Houston is the 4th largest city in the country and it has just suffered a massive body blow. As bad as it is: 1) There is no doubt that Houston will recover and after a bit of time (probably much less than most would expect) the city will be back to normal. 2) The rest of the country has been cranking along just fine.
From a financial and investing perspective, that means we’ll feel a bit of a blip as Houston gets knocked down and then gets back to it’s feet, but it should be short and shallow, and then after not too long it will be like it never happened. That’s truly a testament to the amazing diversity and robustness of our economy.
Outside of Houston, the rest of us are feeling Harvey’s impact at the pump. About 20% of all gasoline is refined in the area impacted by the hurricane. Here in Greensboro, that has caused gas prices to jump from about $2.19 to $2.59.
This won’t last very long, as those refineries are going to be back online soon, but in the meantime, it will have an impact. This is a bit of a bummer, because the extra we are all paying for gas really isn’t going to anyone. People aren’t getting higher profits that they can spend or anything like that. One way to think of it is that extra money it’s being “swallowed up” by the closed refineries.

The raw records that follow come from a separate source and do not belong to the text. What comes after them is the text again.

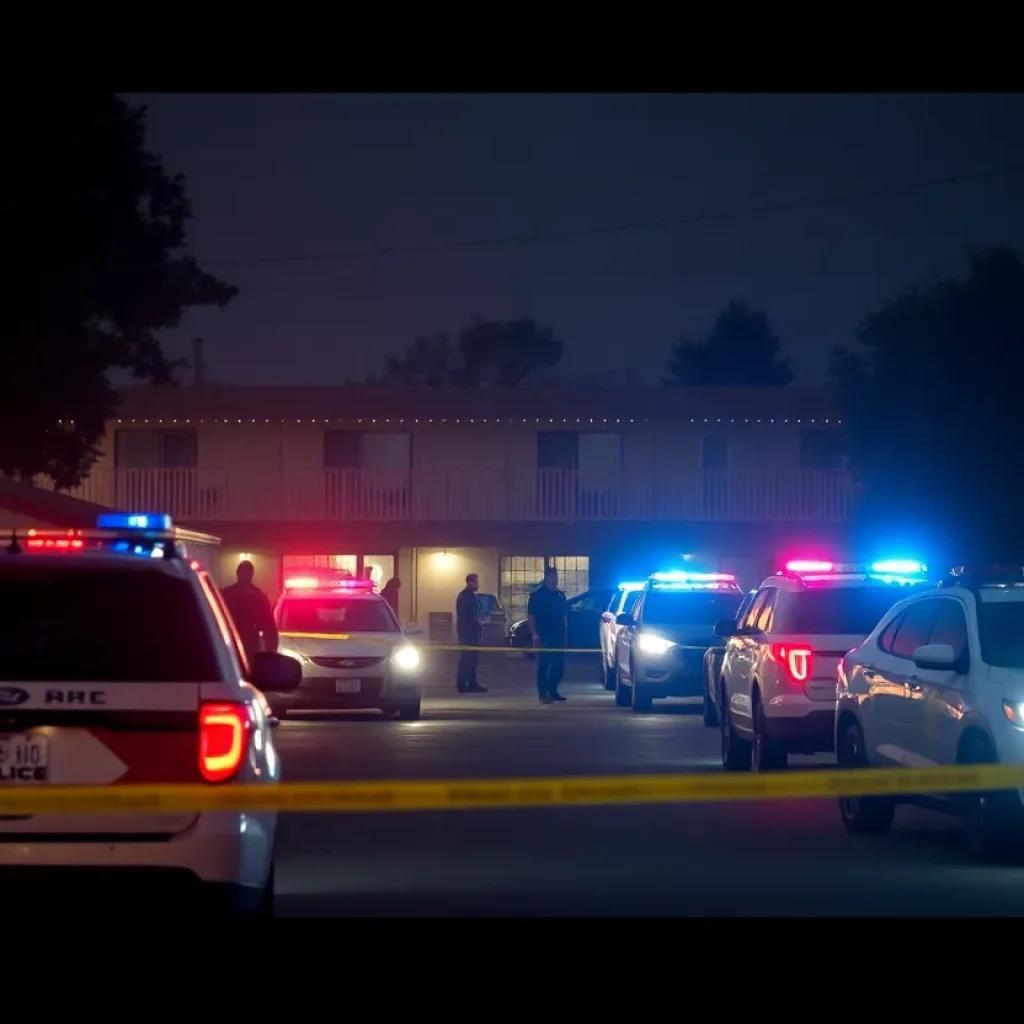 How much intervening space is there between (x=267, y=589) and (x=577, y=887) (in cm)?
4015

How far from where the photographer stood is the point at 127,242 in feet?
111

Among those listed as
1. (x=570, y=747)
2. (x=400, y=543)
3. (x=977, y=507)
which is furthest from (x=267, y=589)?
(x=570, y=747)

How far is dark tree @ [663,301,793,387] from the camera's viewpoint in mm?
115500

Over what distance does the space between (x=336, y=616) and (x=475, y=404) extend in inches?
999

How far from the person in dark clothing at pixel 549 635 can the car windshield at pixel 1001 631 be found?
16465 millimetres

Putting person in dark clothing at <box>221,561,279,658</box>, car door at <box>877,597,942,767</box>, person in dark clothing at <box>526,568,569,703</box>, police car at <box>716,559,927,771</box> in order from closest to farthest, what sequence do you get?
1. car door at <box>877,597,942,767</box>
2. police car at <box>716,559,927,771</box>
3. person in dark clothing at <box>221,561,279,658</box>
4. person in dark clothing at <box>526,568,569,703</box>

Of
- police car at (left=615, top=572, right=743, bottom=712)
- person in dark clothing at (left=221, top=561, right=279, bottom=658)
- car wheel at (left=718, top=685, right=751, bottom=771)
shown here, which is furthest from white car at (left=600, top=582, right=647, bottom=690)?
car wheel at (left=718, top=685, right=751, bottom=771)

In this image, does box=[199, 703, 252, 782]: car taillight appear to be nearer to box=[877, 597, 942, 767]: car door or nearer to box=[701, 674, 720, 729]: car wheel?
box=[877, 597, 942, 767]: car door

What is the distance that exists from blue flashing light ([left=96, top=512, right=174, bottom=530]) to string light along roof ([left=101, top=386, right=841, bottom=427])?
40034 millimetres

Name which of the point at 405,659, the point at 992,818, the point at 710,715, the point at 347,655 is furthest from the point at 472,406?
the point at 992,818

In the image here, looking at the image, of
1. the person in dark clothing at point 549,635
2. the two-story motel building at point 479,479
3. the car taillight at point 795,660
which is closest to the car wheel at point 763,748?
the car taillight at point 795,660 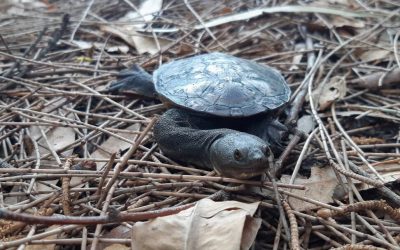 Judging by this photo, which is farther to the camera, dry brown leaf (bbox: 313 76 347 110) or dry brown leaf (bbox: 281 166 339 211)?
dry brown leaf (bbox: 313 76 347 110)

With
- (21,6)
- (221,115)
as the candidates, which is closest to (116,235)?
Answer: (221,115)

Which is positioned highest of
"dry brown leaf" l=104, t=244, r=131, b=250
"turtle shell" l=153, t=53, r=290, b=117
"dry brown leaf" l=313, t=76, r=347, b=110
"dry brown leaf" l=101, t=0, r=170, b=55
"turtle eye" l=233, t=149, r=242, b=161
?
"turtle shell" l=153, t=53, r=290, b=117

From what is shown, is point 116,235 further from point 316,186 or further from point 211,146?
point 316,186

That’s what economists call a dead-weight loss, and it’s never good. Fortunately, it will be over soon.
Harvey’s destruction has obviously caused a lot of damage, in homes and businesses. The one that has hit the news is the peroxide plant which lost power and then blew up. Obviously that one instance is going to cost millions of dollars to repair.
The total tab for Harvey’s destruction is expected to come in at about $190 billion. That’s a tremendous amount of money, about the total GDP of an entire country like Greece. However, for the US that’s a bit of a drop in the bucket. That will come to about 1% of our nation’s GDP. One way to think of it is that every American will need to pony up about 1% this year to pay for Harvey’s damage. That’s a lot but definitely doable.
With all that damage from Harvey, how are stocks up so much?
The economy is strong, innovation is happening, and things are just plugging along. In fact, the economy just clocked in a 3% growth rate. In the past several years it has been pretty volatile but averaging more in the 2% range.
If this 3% growth becomes sustainable that’s a huge deal. That extra 1% pays for Harvey’s damage by itself. That extra 1% is a will really turbo boost the stock market. I think the optimism for that is keeping things at record levels.
So there you have it. With the dominate story being bad news, stocks were up, and that’s really a testament to how strong things are for the stock market right now.